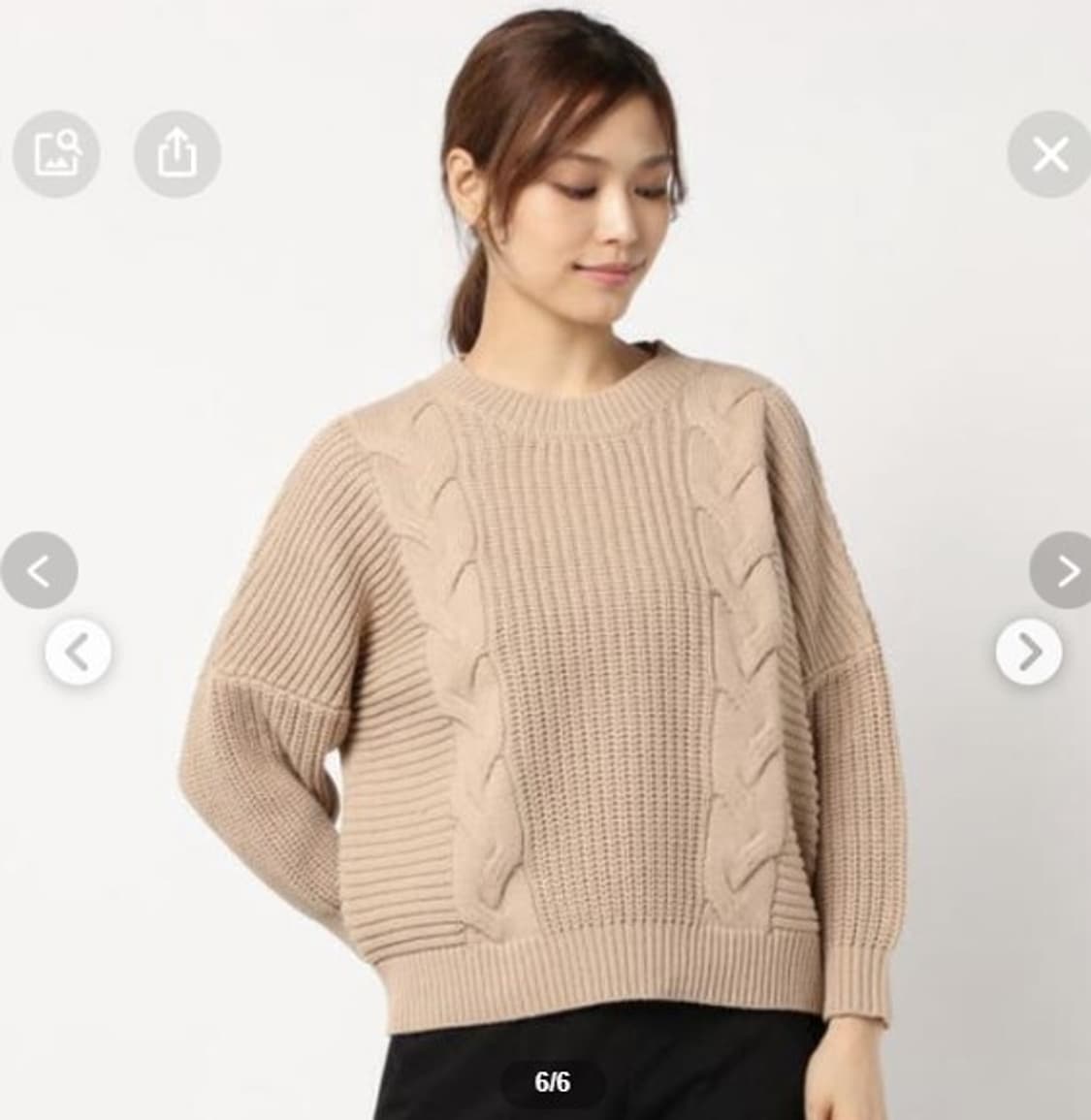 사만사 모스 2 케이블 니트 상품이미지1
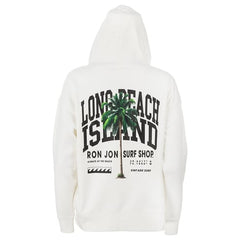 Ron Jon Women's Long Beach Island NJ Palm Tree Hoodie
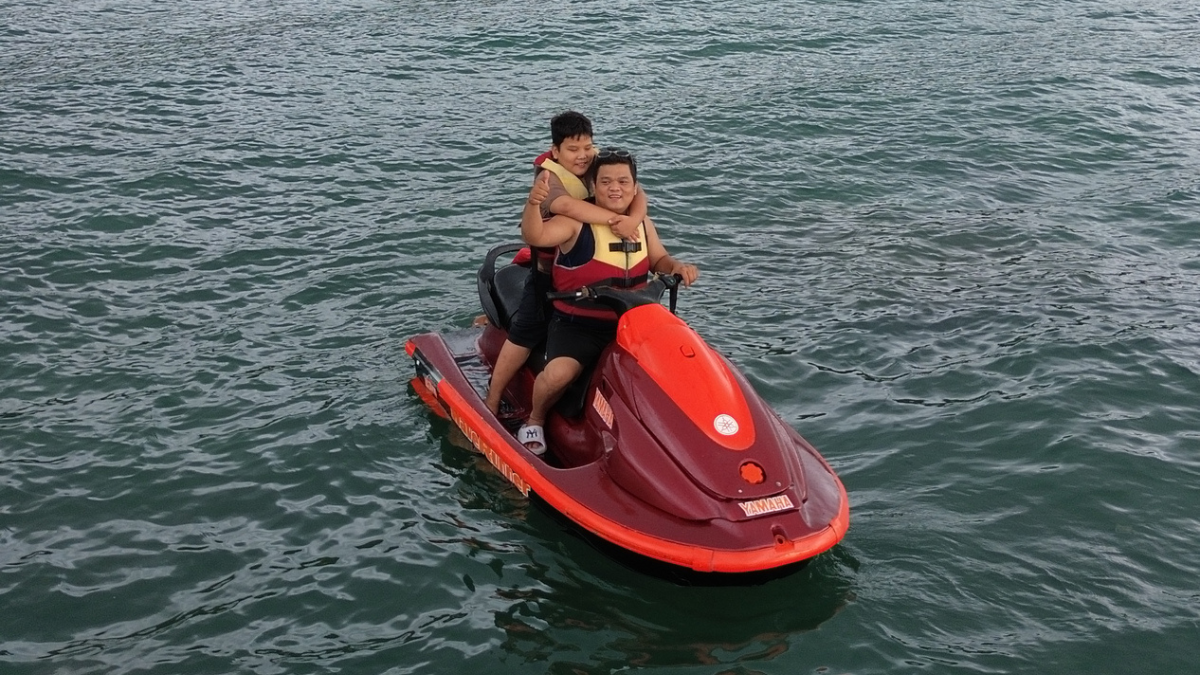 Jetski Pantai Carita - PREMIUM YAMAHA 1.800 CC (Include Drone)
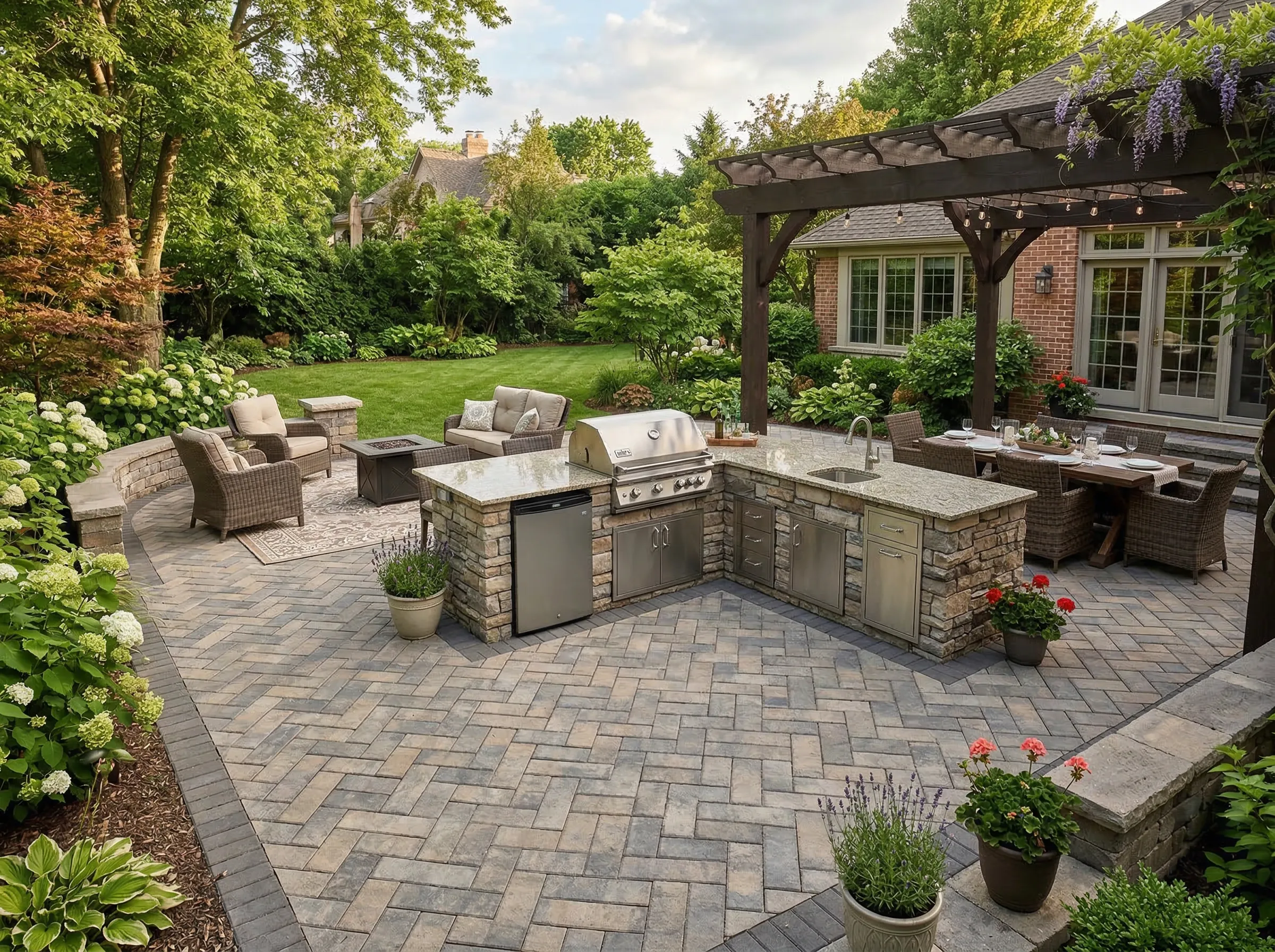 Fairhope outdoor living kitchen Baldwin County AL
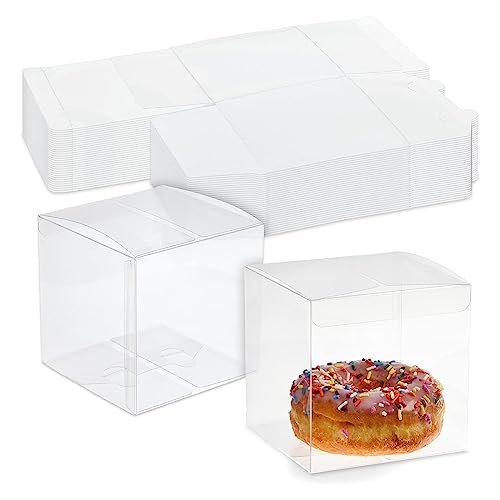 aghoer 30 Stück Transparente Geschenkbox, Geschenkbox Durchsichtig 6 × 6 × 6 cm, Süßigkeiten Box, für Hochzeit, Party, Baby Dusche von aghoer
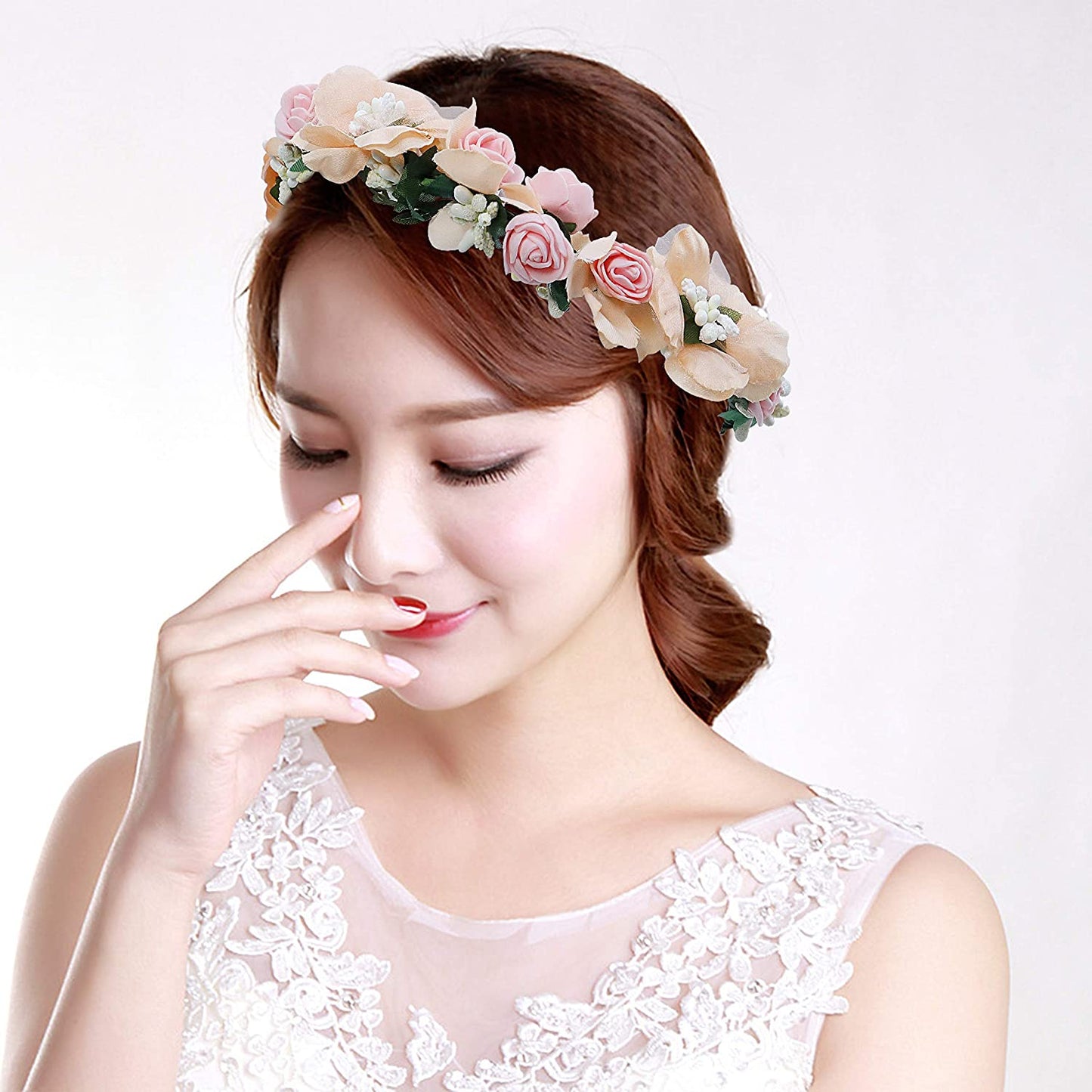 Lovful Fashion Flower Lace Ribbon Wide Brim Caps Summer Beach Sun Protective Hat Straw Hats for Women Apparel & Accessories > Clothing Accessories > Hats KYLIE MAX   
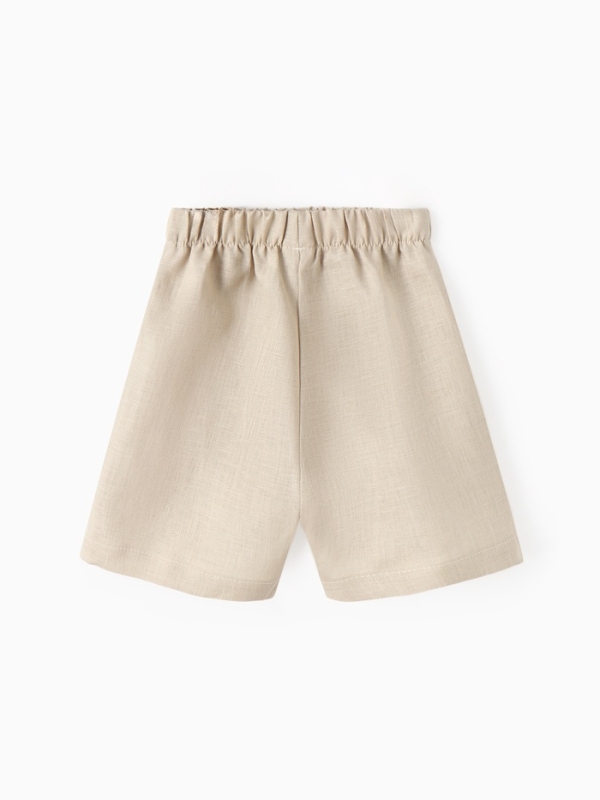 Шорты детские, MINAKU, бежевые, рост 110 см
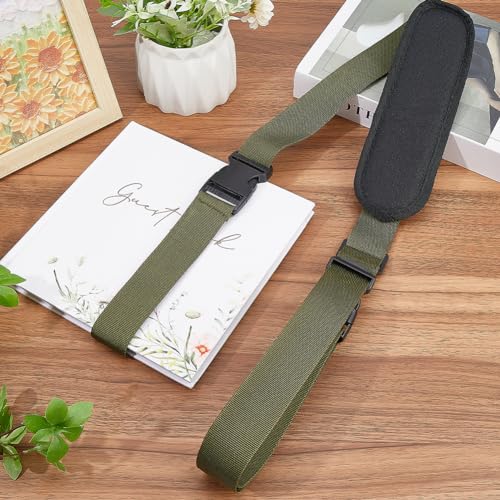 GORGECRAFT Adjustable Carrying Strap Beach Chair Backpack Anti-Slip Shoulder Carry Straps Replacement Universal for Foldable Bikes Scooter Camping Backpacking Picnics Outdoor Olive Green 106-176cm - color: Dark Olive Green
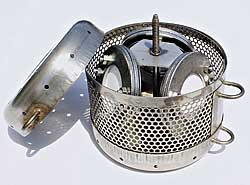 The POCIS carrier in the small deployment cansiter.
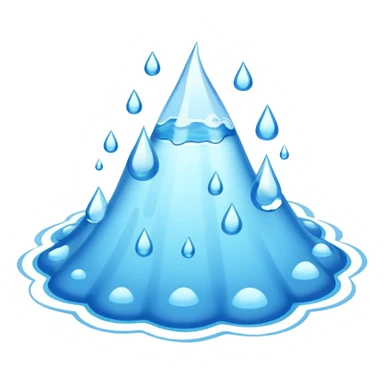 spiled water on the ground sticker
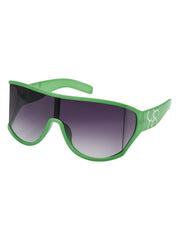 Accessories Oversized Square Wrap Shield Sunglasses - Green | Jessica Simpson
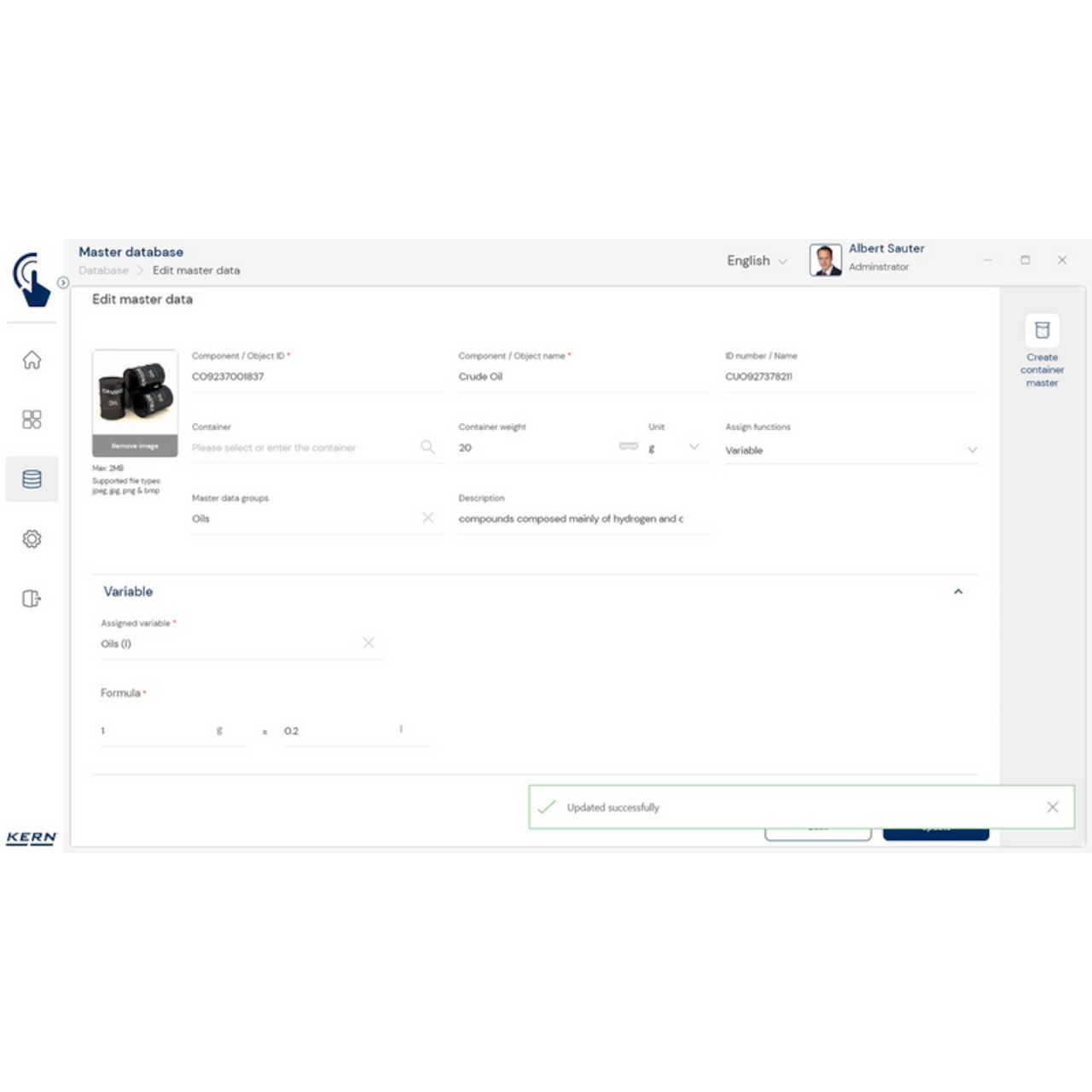 Software EasyTouch SET-07 Variable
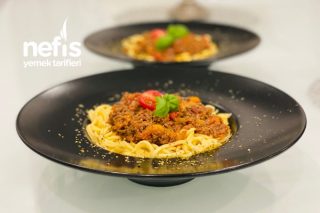 Ev Yapımı Spaghetti “Bolognese soslu ” Tarifi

==========

### The problem
Please print the entire listing again exactly, minus its images.

### Completed exercise
 사만사 모스 2 케이블 니트 상품이미지1
 Ron Jon Women's Long Beach Island NJ Palm Tree Hoodie
 Jetski Pantai Carita - PREMIUM YAMAHA 1.800 CC (Include Drone)
 Fairhope outdoor living kitchen Baldwin County AL
 aghoer 30 Stück Transparente Geschenkbox, Geschenkbox Durchsichtig 6 × 6 × 6 cm, Süßigkeiten Box, für Hochzeit, Party, Baby Dusche von aghoer
 Lovful Fashion Flower Lace Ribbon Wide Brim Caps Summer Beach Sun Protective Hat Straw Hats for Women Apparel & Accessories > Clothing Accessories > Hats KYLIE MAX   
 Шорты детские, MINAKU, бежевые, рост 110 см
 GORGECRAFT Adjustable Carrying Strap Beach Chair Backpack Anti-Slip Shoulder Carry Straps Replacement Universal for Foldable Bikes Scooter Camping Backpacking Picnics Outdoor Olive Green 106-176cm - color: Dark Olive Green
 The POCIS carrier in the small deployment cansiter.
 spiled water on the ground sticker
 Accessories Oversized Square Wrap Shield Sunglasses - Green | Jessica Simpson
 Software EasyTouch SET-07 Variable
 Ev Yapımı Spaghetti “Bolognese soslu ” Tarifi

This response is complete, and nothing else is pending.